The legal route may prove more powerful than the transparency route in some contexts. The EMFA's non-discrimination standard is justiciable, meaning media outlets can sue governments for unfair allocation. In Poland, a regional newspaper that had been systematically excluded from municipal advertising contracts is preparing the first such case. If successful, it would establish a precedent that state advertising allocation is subject to judicial review under EU law, not merely a matter of government discretion. The case is expected to reach a national appellate court by late 2026, with a possible preliminary reference to the Court of Justice.

What happens in the advertising market more broadly will also shape the EMFA's impact. The shift of advertising revenue from print and broadcast to online platforms has already devastated independent journalism in much of Central and Eastern Europe. State advertising was one of the few remaining revenue streams that could sustain local reporting. If the EMFA succeeds in making state advertising allocation fairer, it could provide a lifeline to outlets that have been pushed to the brink. If it fails, those outlets will continue to disappear, and the information desert that replaces them will be filled by partisan digital media that operate without editorial standards and without accountability.

The Commission's own enforcement record does not inspire confidence. Between 2020 and 2024, the Commission opened over 200 infringement proceedings related to media freedom and rule of law across member states. Fewer than 10 percent resulted in judgments before the Court of Justice, and most of those were delayed by years of procedural manoeuvring. The EMFA adds new legal tools, but the institutional culture that determines how they are used has not changed. If the Commission treats EMFA enforcement as a low-priority file to be managed by a small team in DG CONNECT, the regulation will gather dust regardless of its legal force.

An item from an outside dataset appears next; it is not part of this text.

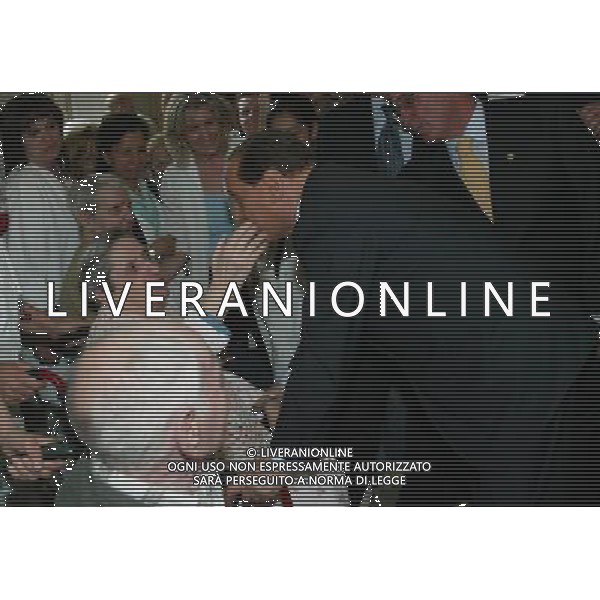 MILANO 24/5/2006 VISITA DI SILVIO BERLUSCONI A MILANO PER LA CAMPAGNA ELETTORALE DELLE COMUNALI 2006 NELLA FOTO SILVIO BERLUSCONI NEL PIO ALBERGO TRIVULZIO MENTRE SALUTA UN\' ANZIANA SIGNORA FOTO ROMANO/AG ALDO LIVERANI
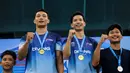Pasangan atlet loncat indah, Andriyan (tengah kanan) dan Adityo Restu Putra (tengah kiri) mendapatkan medali emas pada nomor menara synchro putra Kejurnas Akuatik 2026 di Stadion Akuatik Gelora Bung Karno, Senayan, Jakarta, Selasa (05/05/2026). (Bola.com/Bagaskara Lazuardi)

Transparency alone will not fix media capture. It exposes the problem; it does not redistribute revenue. The Commission has warned that persistent imbalances could trigger infringement proceedings under the EMFA, possibly backed by the conditionality regulation where rule of law and financial management overlap. But deterrence only works if enforcement is fast and credible. Governments that have treated media budgets as patronage funds are not going to stop because their spending is now published. They need to believe that non-compliance will cost them more than the political gains of keeping captured media onside.